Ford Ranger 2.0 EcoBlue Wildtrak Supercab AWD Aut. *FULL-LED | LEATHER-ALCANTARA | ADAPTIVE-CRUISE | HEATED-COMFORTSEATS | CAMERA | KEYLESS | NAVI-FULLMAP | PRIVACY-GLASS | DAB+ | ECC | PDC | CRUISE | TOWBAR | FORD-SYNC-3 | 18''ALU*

---

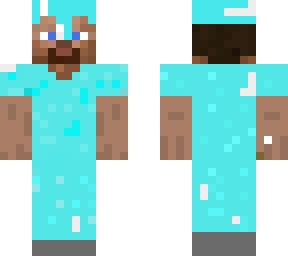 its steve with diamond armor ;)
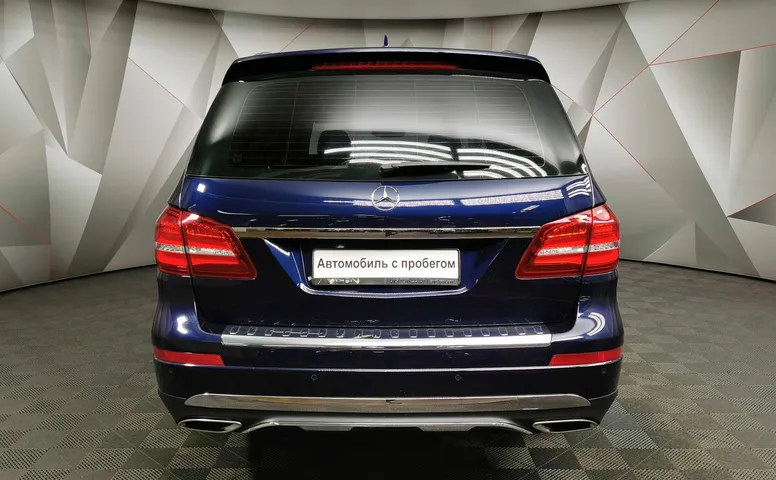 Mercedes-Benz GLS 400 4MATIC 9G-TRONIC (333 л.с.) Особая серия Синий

■ **Exercise objective**: Copy the listing above exactly, but only from the line with "its steve with diamond armor ;)" through the line with "Mercedes-Benz GLS 400", including those two lines and excluding any picture.

■ **Answer box**:
 its steve with diamond armor ;)
 Mercedes-Benz GLS 400 4MATIC 9G-TRONIC (333 л.с.) Особая серия Синий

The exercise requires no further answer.